**WORK REQUEST**: Pictures in the listing do not belong in the copy, which should repeat exactly the lines from the one holding "Bügeleisen/Bügelbrett, Reisekinderbett, Internetzugang" through the last line.

**RECORDED DATA**:

---+---

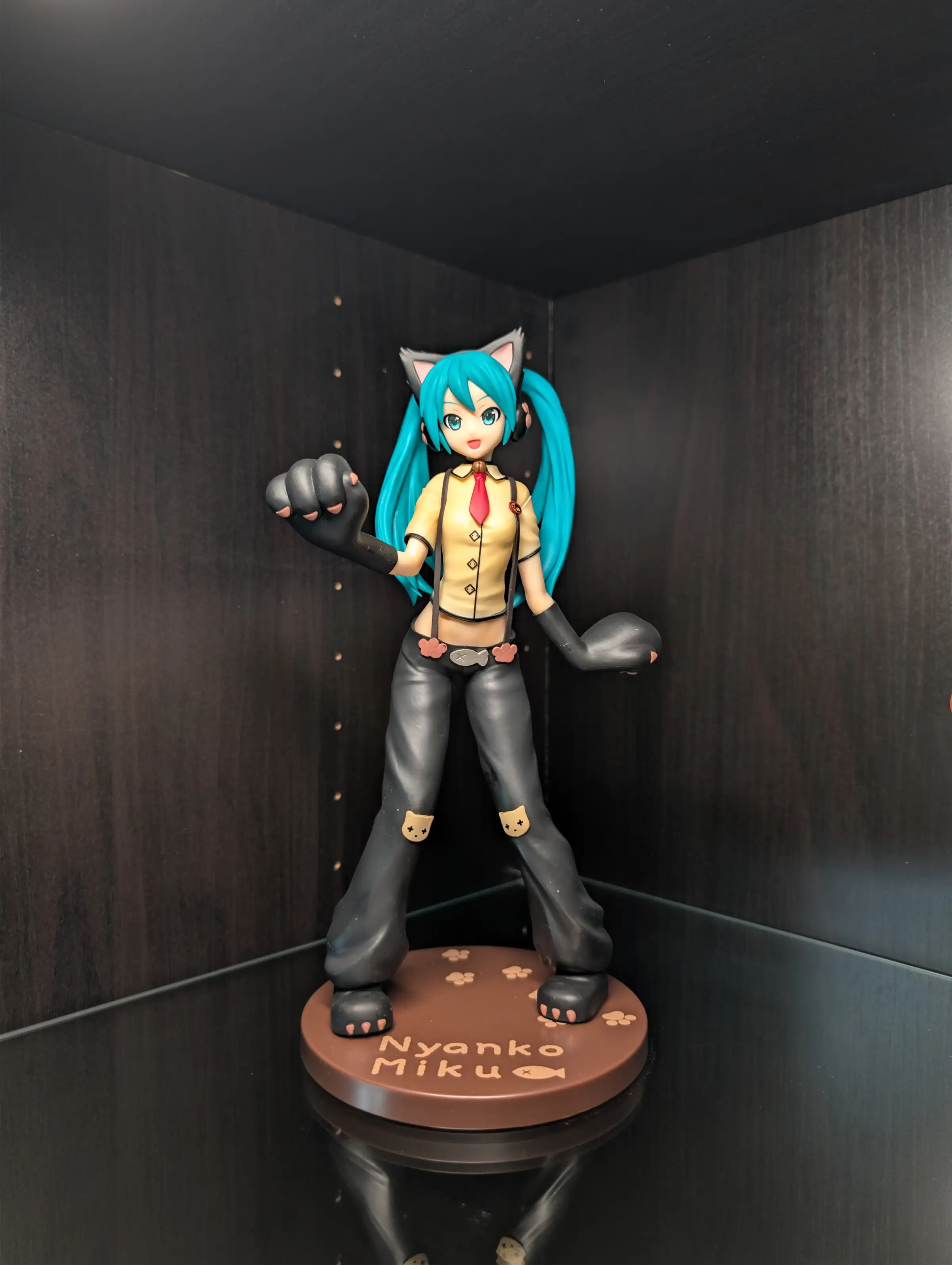 Image of figure Nyanko Miku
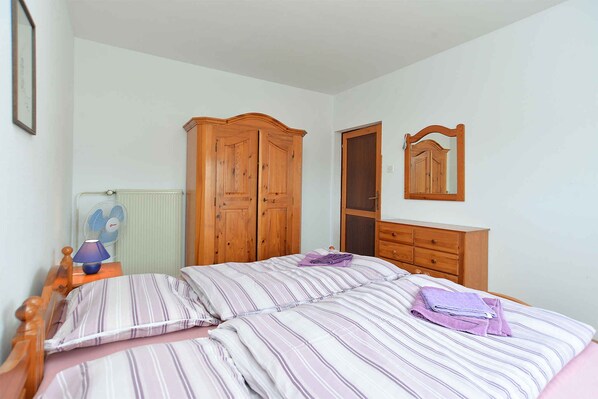 2 Schlafzimmer, Bügeleisen/Bügelbrett, Reisekinderbett, Internetzugang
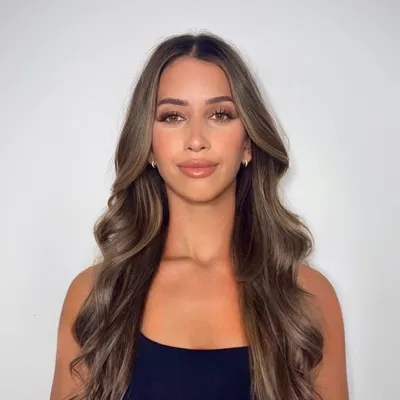 L I N D A 🦋 profile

---+---

**REPLY TO THE TASK**:
 2 Schlafzimmer, Bügeleisen/Bügelbrett, Reisekinderbett, Internetzugang
 L I N D A 🦋 profile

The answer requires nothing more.